真剣になれない僕に、一日、また一日と失望が溜まっていく。
真剣になるたびに耐えられなくなるから、真剣になれない。
真剣になってまた新たな場所へ逃げるのが怖い。
自慢できるくらいに頭良くなってみようと思った。
自分の位置を知って、ほど遠い高みを見るのがつらくなった。
一つくらい記事を残せるようになってみようと思った。
一つくらいにたどり着くまでの努力を知って、面倒くさくなった。
素晴らしい謎解きをもっと作れるようになろうと思った。
これまでに素晴らしい謎解きを作ったことなどなかったと知った。
繰り返しの多い表現になってしまうけど、繰り返しの多いこれまでであったからしょうがない。
僕はいつも繰り返している。
ちょっと褒められていい気になる。
それはまるで歩いた赤ちゃんを称えるような、いや、非力な小動物を見て頑張ったね~、と称えるようなものなのに。

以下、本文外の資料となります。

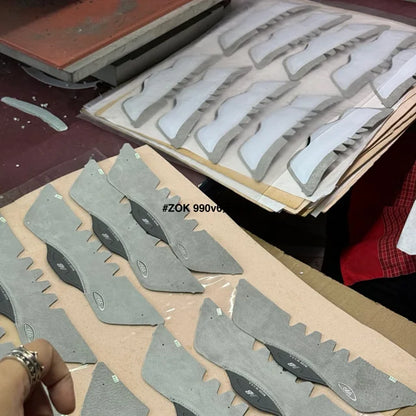 ZOK / 뉴발란스 신발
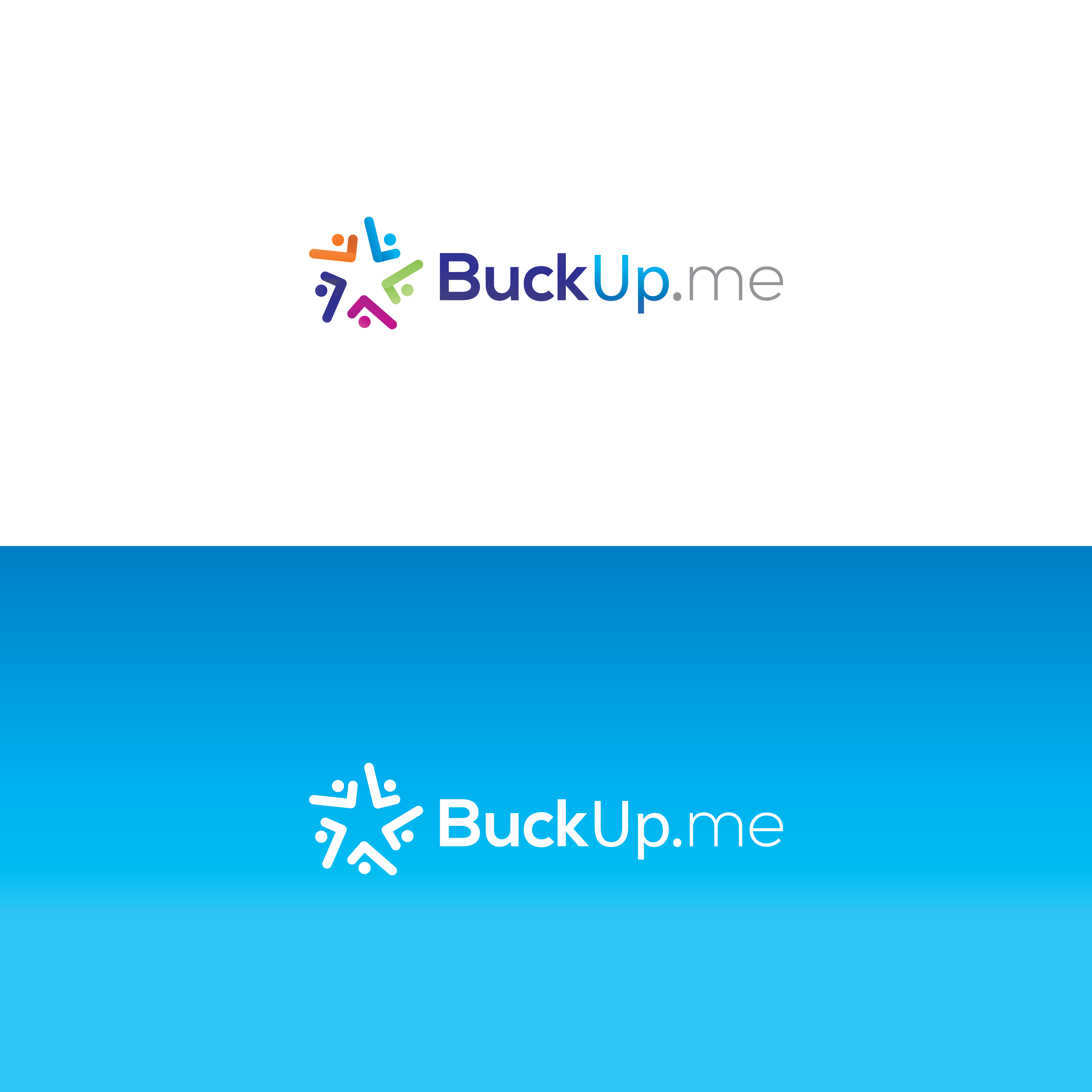 Logo Design by Kemet Designz for Buck Up | Design #22454947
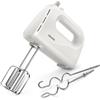 Philips Sbattitore elettrico Mixer 300 Watt 5 Velocità + Turbo Bianco HR3705/00 Philips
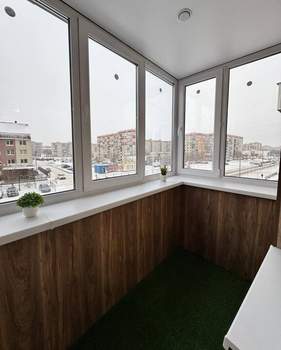 1-к квартира, вторичка, 33м2, 3/9 этаж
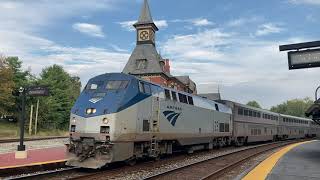 Amtrak P029-10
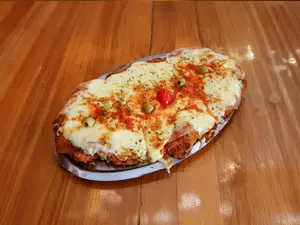 Suprema Puerros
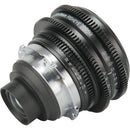 Venus Optics Venus 8-15mm T2.9 FF Zoom Fisheye Cine Lens (ARRI PL)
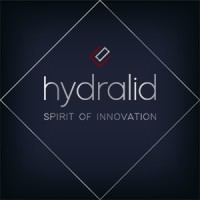 Hydralid AB logo - Similar company to Lidbil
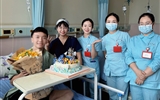【新聞特寫】蘭大二院巧用ERAT術(shù)為考生患者解憂，助力高考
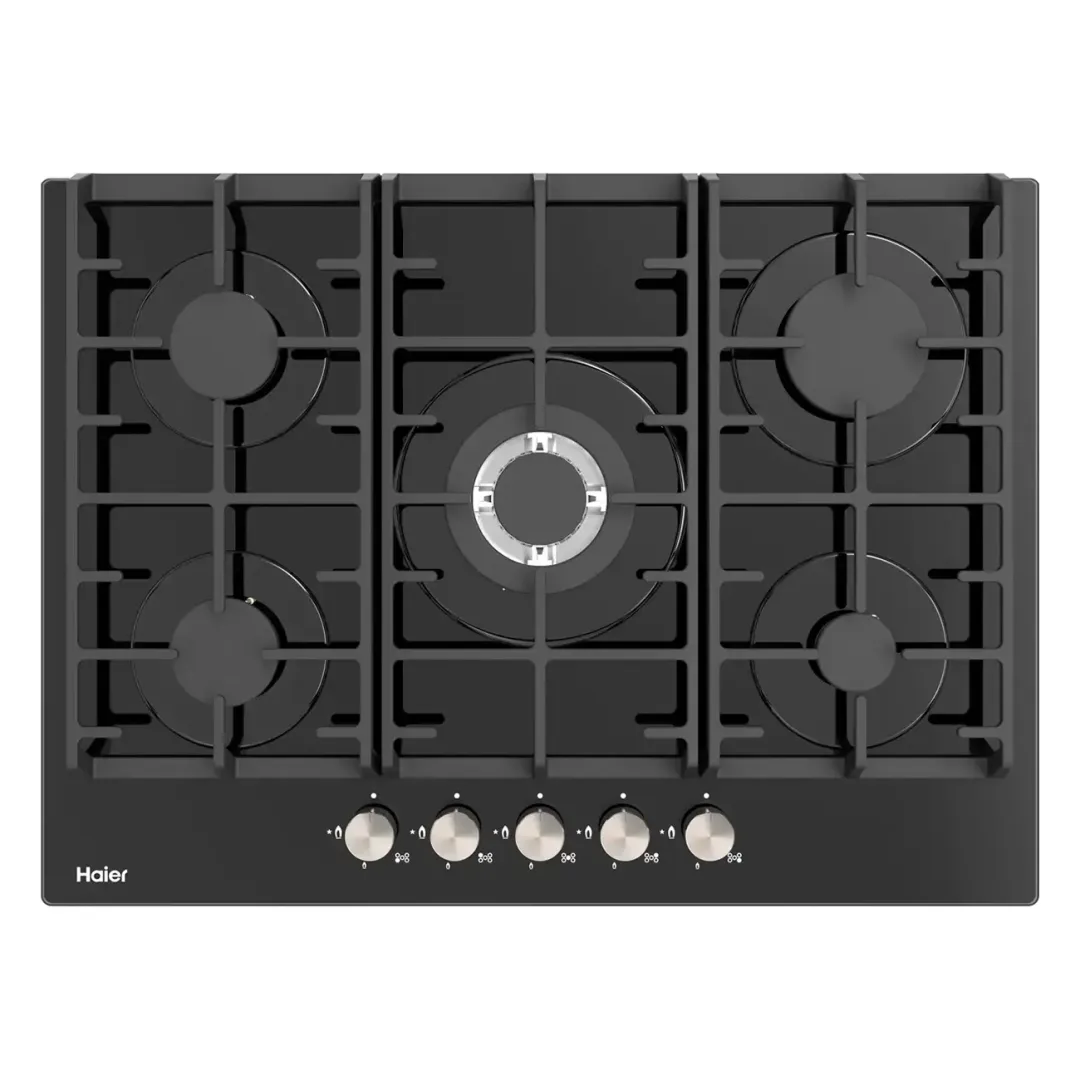 Gazovaya varochnaya panel Haier HHXG75F-C1P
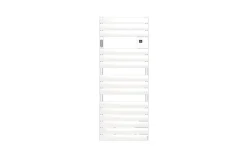 Atlantic Ecs Rad Radiateur sèche-serviettes connecté ADELIS DIGITAL - Modèle : 1500W Blanc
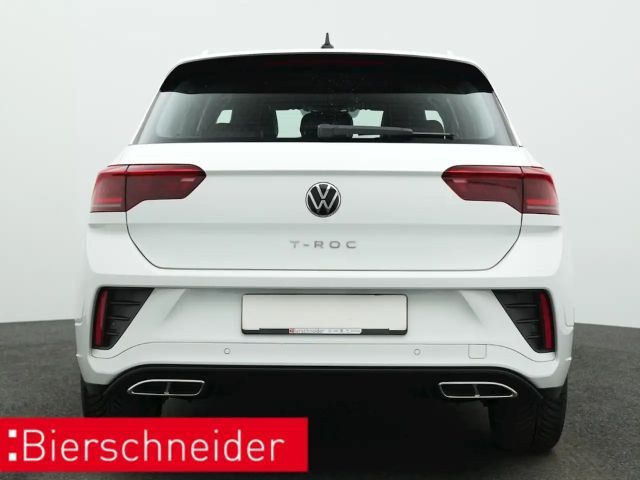 Volkswagen T-Roc 1.5 TSI DSG IQ.Drive R-Line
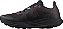 Tênis Salomon Ultra Flow Masculino - Preto - Imagem 3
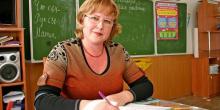 Кто такой учитель? (доклад )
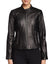 Super Megna Women Classic Leather Jackets
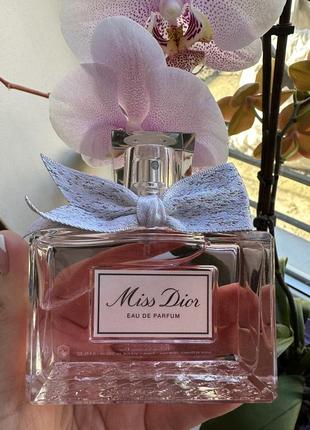Dior miss dior 20211 фото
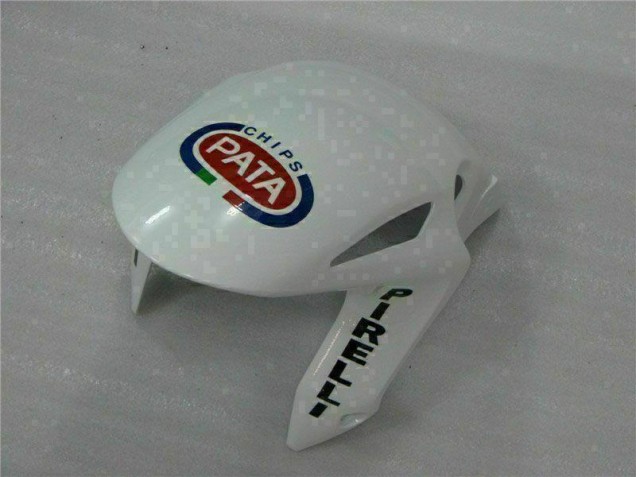 Red White PATA 12-16 CBR1000RR Motorcycle Fairing Red White PATA 12-16 CBR1000RR Motorcycle Fairing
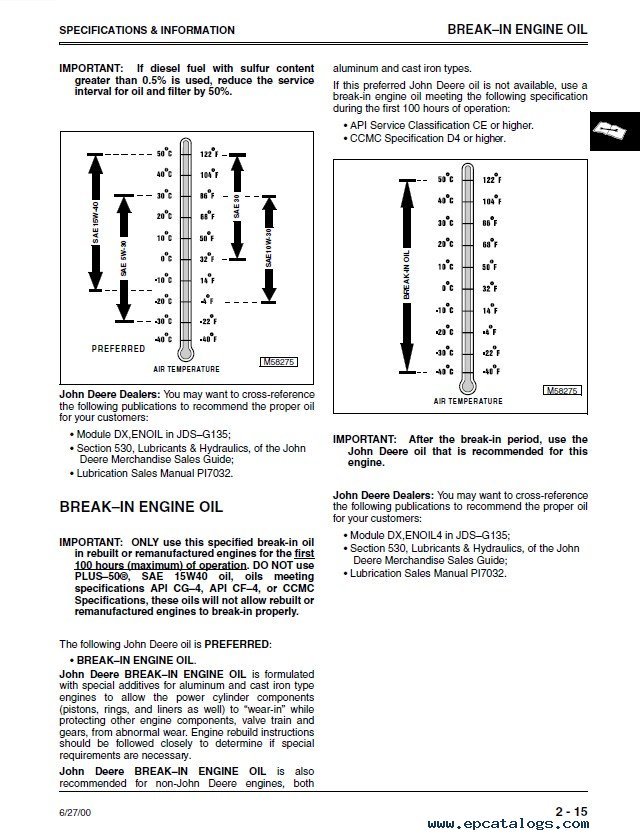 john deere 4600 series tractor wiring diagram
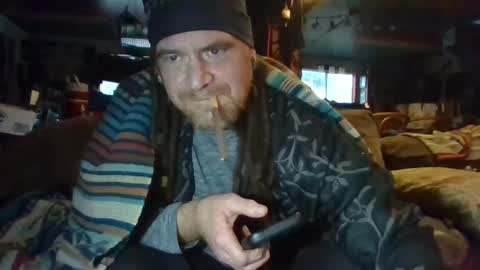 Snapshot of dreadedchefloxxx chatting on 02-07-25, 03:30 DreadedChefLoXXX online show from 02-07-25, 03:30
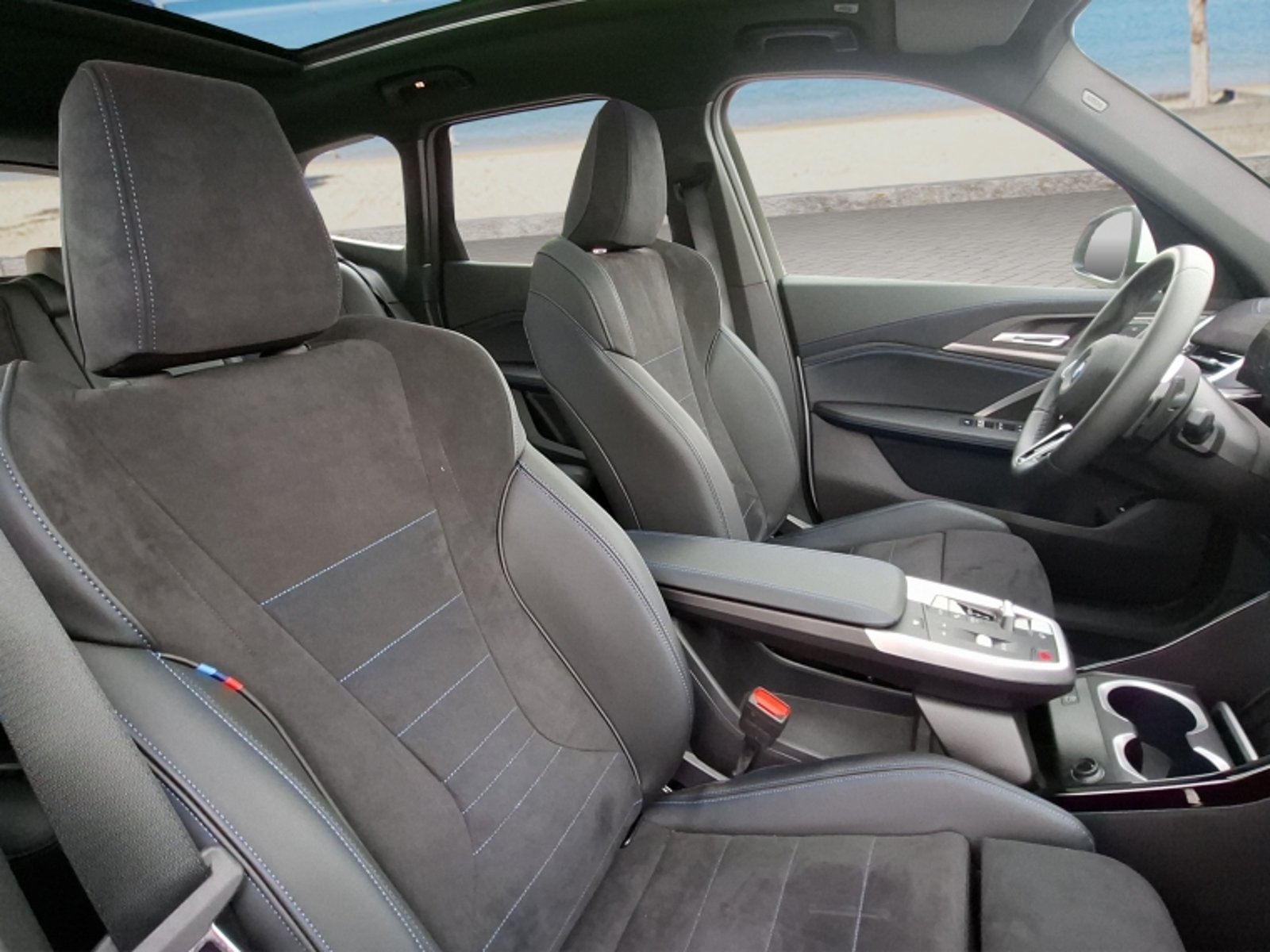 BMW X1 Sdrive18i M Sport 2026 - Imagen 19 de 20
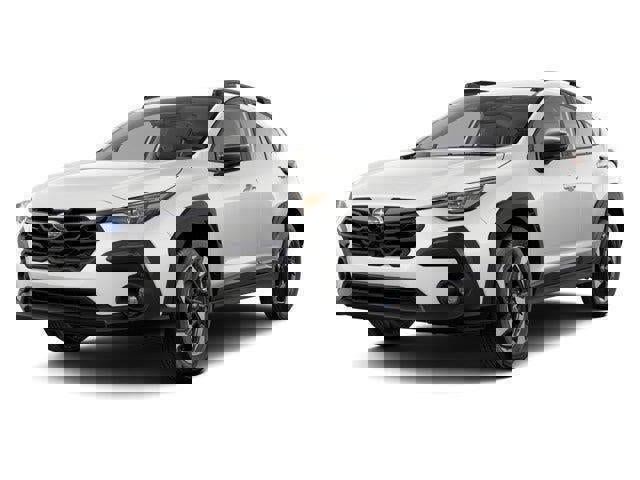 New 2025 Subaru Crosstrek 2.5i Limited w/ Popular Package #3A image 25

そして、もっと褒められよう、胸を張って褒められる人間になろうと思って、高みを目指す。
それで上を見て、すぐ苦しくなる。
当たって砕けられないまま、少しづつ朽ちていく。
そういうループ。
そういう自意識。
いまだに抜け出す方法を見つけられないでいるのか。
ストイックにありたかった。芯を持った人間になりたかった。頭痛を抱えたかった。
苦しみを、憤りを、頭痛を、創作にぶつけたい。
なのにそれは、どうにも僕から漏れ出ていく。
僕は頭痛を大事に抱え持つことすらできない。
漏れ出た憤りで僕の中の趣味の領域が満ちて、苦しくなって、逃げていく。
勉強も、SCPも、謎解きも、とてつもなく楽しかったのに。
逃げたくない。本当は、逃げたくなんかない。
結果、僕は寛容であることを説いた。
でも、それは嘘だった。僕は嘘を本当みたいに書くのがそこそこにうまいみたいだ。
僕が許したいのは、あなたでもみんなでもなくて、僕自身だけなのに。
満ちていく憤りを寛容に解消したかったのだろう。
でも、たぶんそれはできていない。
見て見ぬふりしているだけなんじゃないかと、いつも感じる。
これまで汚いヘドロみたいだった憤りが、有害ガスみたいに、危険で不快なまま見えなくなっていってるんじゃないか?
きっと、僕は自分を見つめなおすなんてこと、不可能だったんだろう。
僕を見つめている僕を、僕は見つめられていないからだ。
僕を見つめている僕を見つめている僕を、僕は見つめられていないからだ。
次の僕の逃げ場所は、どこなのだろうか。